Monday, March 02, 2009

Feasting on Carrion

The NY Daily News' I-Team focused yesterday on the tawdry pay for play machinations of our new White House policy advisor-the developer's munecho-Adolfo Carrion: "The man who is President Obama's newly minted urban czar pocketed thousands of dollars in campaign cash from city developers whose projects he approved or funded with taxpayers' money, a Daily News probe found. Bronx Borough President Adolfo Carrion often received contributions just before or after he sponsored money for projects or approved important zoning changes, records show."

On project after project AC was a friend, not to the communities or minority businesses who could have used the support of the city's highest ranking Hispanic legislator, but to those real estate interests whose projects were often antithetical to real community needs. Nothing was more emblematic of this sell-out philosophy than AC's shilling for the destruction of the Bronx Terminal Market, and the subsequent building of the Gateway Mall by Related.

Here, not only were the merchants evicted, without so much as a meager helping hand from the Bronx BP (after Carrion called the market a, "commercial ghetto"); but the resulting project will generate 125,000! cars and trucks a week to the area of the South Bronx known as "asthma alley." As the News points out, and as we have commented extensively on:

"Developer Related Companies' subsidiary, BTM Development Partners, needed Carrion and the city Planning Commission to change zoning, modify height restrictions and approve permits for parking spaces. As the project moved forward, the neighborhood railed about increased traffic and the impact the chain stores would have on local businesses. All the while Related executives wrote campaign checks to Carrion. On March 10, 2005, five $1,000 donations from Related executives arrived. On June 20, 2005, the company notified the city it planned to build a 1 million-square-foot retail center with 2,610 parking spaces and a 250-room hotel. On Oct. 19, 2005, Carrion approved the project, with his office monitoring local hiring. Since 2003, Carrion has received $39,100 from 24 Gateway-related donations."

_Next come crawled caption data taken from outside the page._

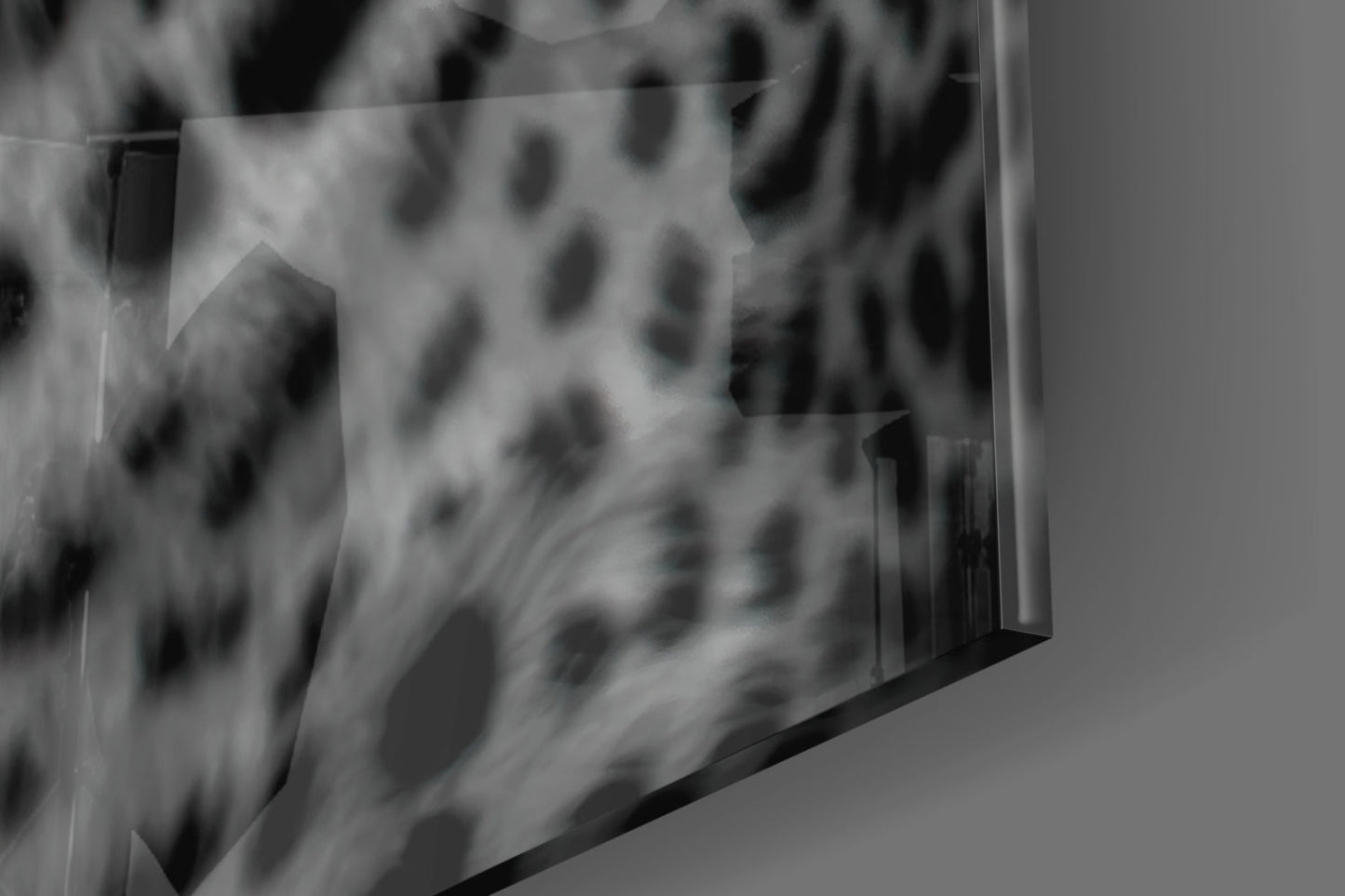Bold Stare Leopard Portrait Glass Wall Art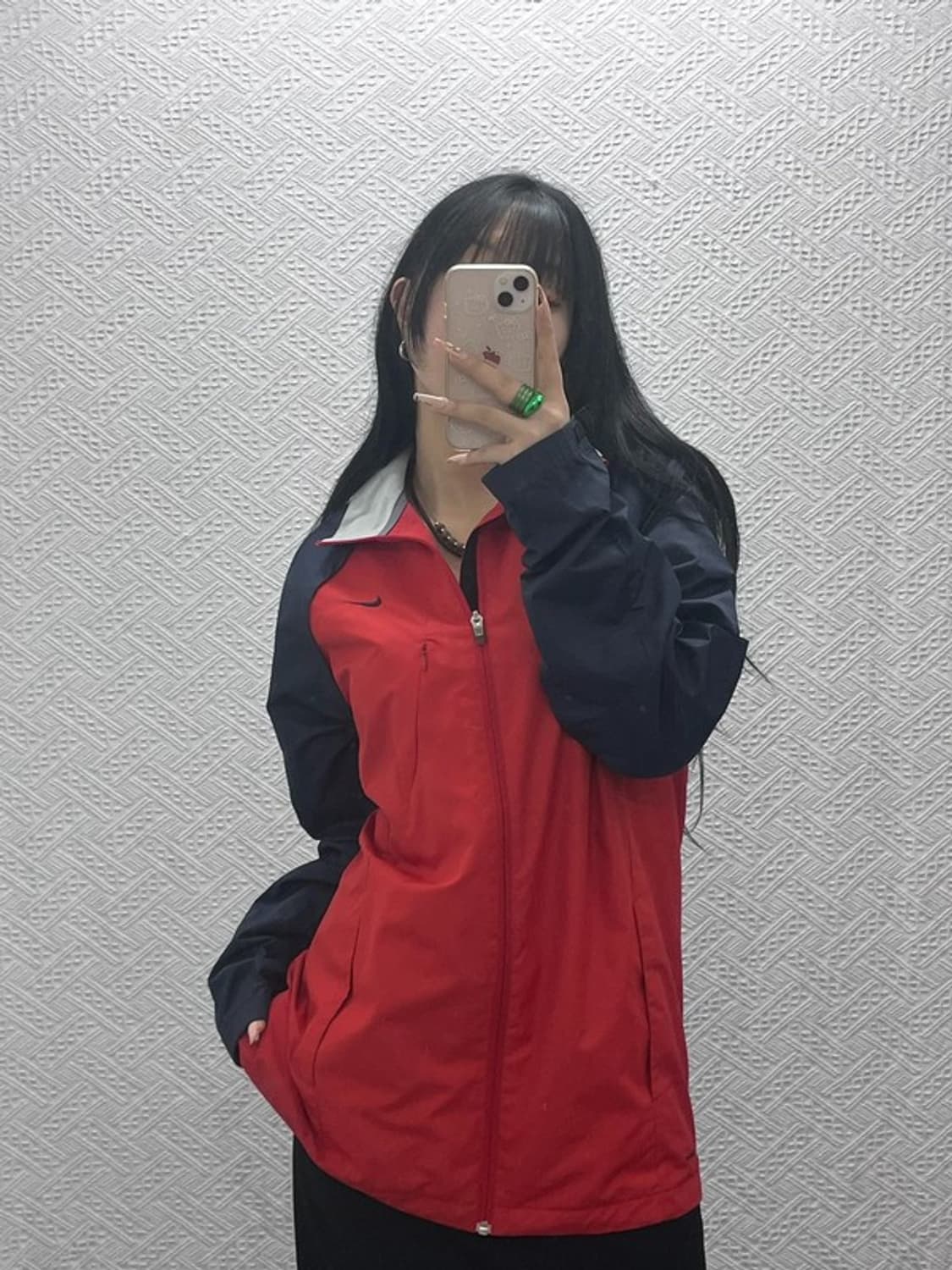 나이키 올드스쿨 00's 배색 조끼탈부착 바람막이 자켓 XL C08337 상품이미지2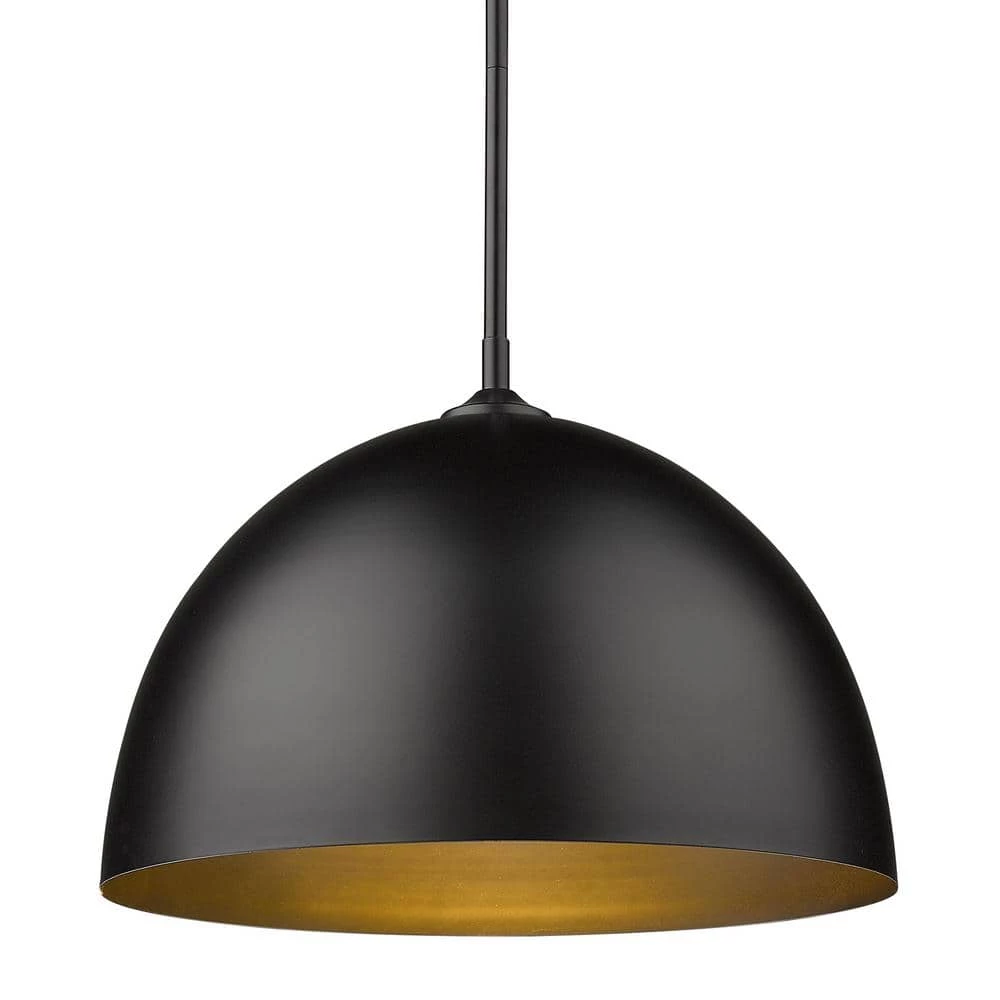 Zoey 1-Light Matte Black Standard Pendant by Golden Lighting 3 Zoey 1-Light Matte Black Standard Pendant by Golden Lighting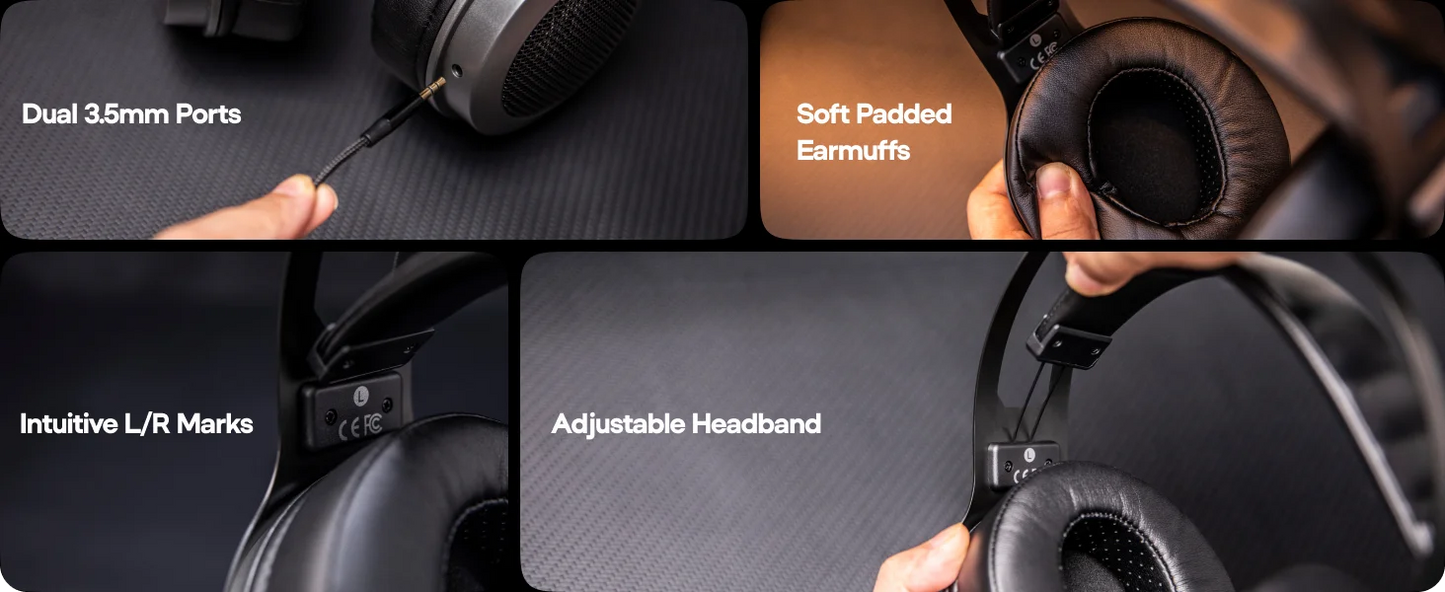 Linsoul Kiwi Ears Altruva Hi-Fi 50mm Dynamic Driver Headphones Open-Back Audiophile Headphones Premium Studio Sound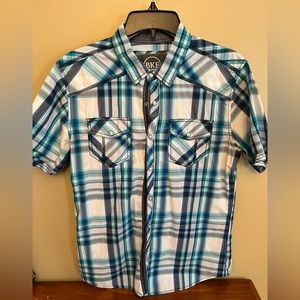 Buckle BKE plaid button down short sleeve shirt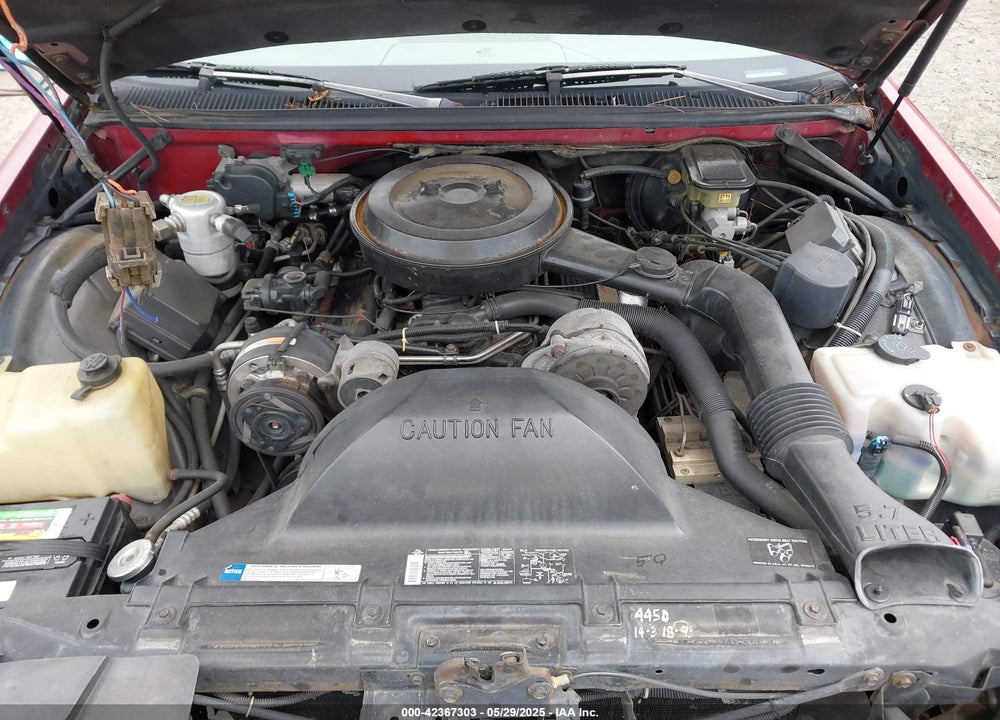 1993 CADILLAC FLEETWOOD CHASSIS VIN: 1G6DW5279PR723636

Adding insult to injury, Carrion proceeded to usurp the community's role in the development of a community benefits agreement. As we highlighted at the time:

"The negotiation process for this CBA was incredibly, incredibly flawed:

• Normally CBAs are negotiated prior to the land use review process so that community coalitions can have leverage over developers. The opposite occurred with the Gateway CBA. Brainstorming for the document only began in November after City Planning Certification, Community Board approval, and the Borough President’s “Yes” vote. The agreement was finalized two days prior to the City Council’s approval.

• There was no independent community coalition. The community-based organizations involved in the initial brainstorming (“the taskforce”) were handpicked by BOEDC and Borough President Carrion. When certain group representatives said or did things that upset the Borough President they were kicked out of the negotiating group.

• None of the taskforce members had CBA negotiating experience

• The taskforce was not given legal representation

• Unknown to the participants, representatives from Related were in the room while the taskforce brainstormed

• The taskforce never negotiated directly with Related. Final negotiations occurred between Bronx elected officials and the developer. For this reason the final CBA is a very watered down version of what the community asked for.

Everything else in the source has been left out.